Gang XueYin, A Devil’s Mind (English Oct. 2016)

It is quite understandable that China, having imported and adapted lots of Western concepts, would do the same for books, especially thrillers that are highly readable and quickly consumed. That is not to say that China doesn’t produce vastly original books of its own, but just to explain why I was curious to read a serial killer thriller with Chinese characteristics. Let’s say that I started out of intercultural curiosity, and that it is the sole reason that I finished this book.

Long gone is the day where writers didn’t write crime stories because crime supposedly didn’t exist in the Chinese proletarian workers’ paradise. From the several titles that Amazon Crossing has translated, I picked one at random because none seemed particularly set in a recognizable place. In that case, the main action is set in “J city of S province in southern China”, which is plain weird and highly frustrating for people like me who love settings. But I can understand. When touching with sensitive topics, Chinese writers protect themselves by making it crystal clear that it is fiction and that they don’t talk about any real bad, deviant, corrupt person.

The novel centers on Han Yin, a criminal profiler teaching within the Department of Criminal psychology at a police academy in northern China, but who, as the book opens, is asked to come and help the police team in J city. The local police has a dismembered victim that uncannily resembles a cold case of 1996: they fear that they might have a serial killer on the loose, and as the police takes a lot of flack from the public they request the analysis and assistance from professor Han Yin.

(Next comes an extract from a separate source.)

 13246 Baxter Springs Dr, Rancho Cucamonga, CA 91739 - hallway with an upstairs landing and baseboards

Now we all know that profilers in classic American serial killer novels are supremely intelligent and perceptive, but Han Yin is something else. Besides being handsome and charming, this guy only needs to look at a file and ask two questions before knowing who is lying and who is telling the truth. After visiting the crime scene, he often has a complete profile of the killer with age, occupation, childhood trauma, marital status, etc. You would say that with so much information it’s a shame the police isn’t capable to arrest the guy on the spot! Well, often enough they actually do! Beyond the case of the two dismembered victims, the book is littered with victims, gruesome crimes, and successful investigations. Wherever Han Yin goes, he finds a serial killer. I couldn’t decide if he was a clairvoyant or a walking disaster.

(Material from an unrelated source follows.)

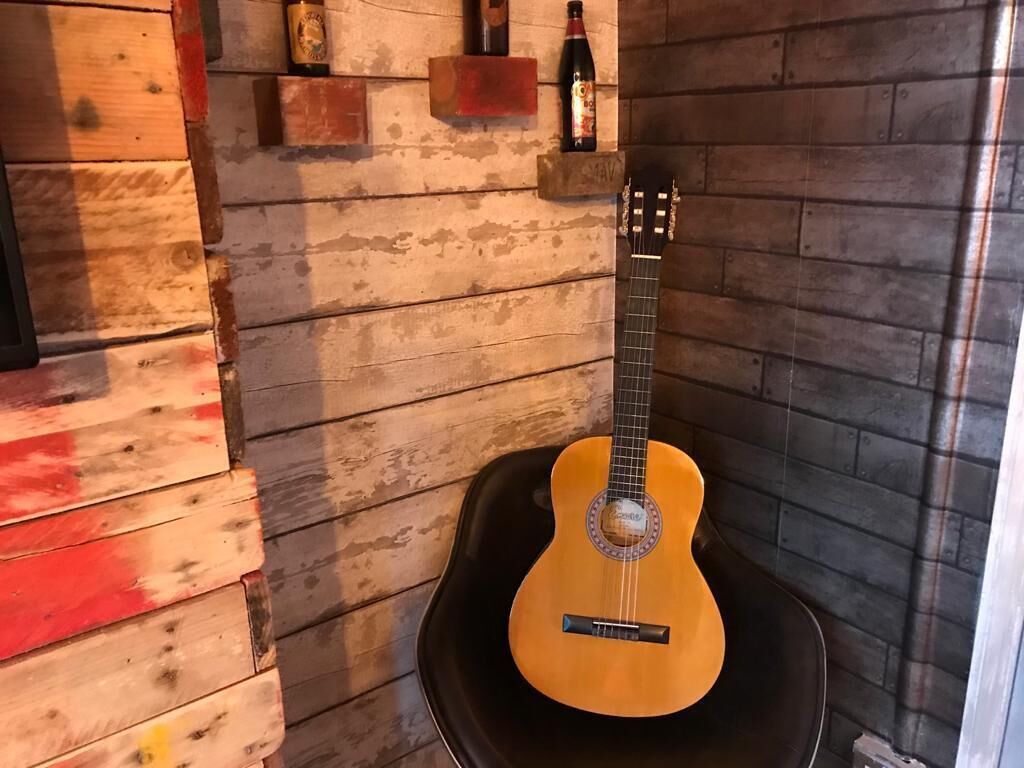 A guitar leaning against a wall with a rustic wooden texture.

People who read this book but have never been to China will think that the country is most unsafe, but this rather over-the-top succession of crimes and resolutions is in my opinion the result of a faulty structure. The novel desperately needs some padding and some pacing, but since the author can’t put in any realist description of locations, any deep criticism of social problems (serial killers are ideal in that respect, they’re deviant and pervert due to their unique individual evil nature, not due to some wider issue), any deep introspection, then he fills the void with corpses. It becomes mechanical, and a bit ridiculous, if it weren’t so gruesome.

In short I do find the book terrible, but so terrible it becomes entertaining, at a meta level. By reading in between lines you can say that the book only confirms that lives of migrant workers are cheap and that if they disappear, nobody much cares, but that’s not really in the book. I can’t say I recommend it, but I don’t regret having read it.

Thanks to the publisher and Netgalley for providing me with an ARC in exchange for a honest review.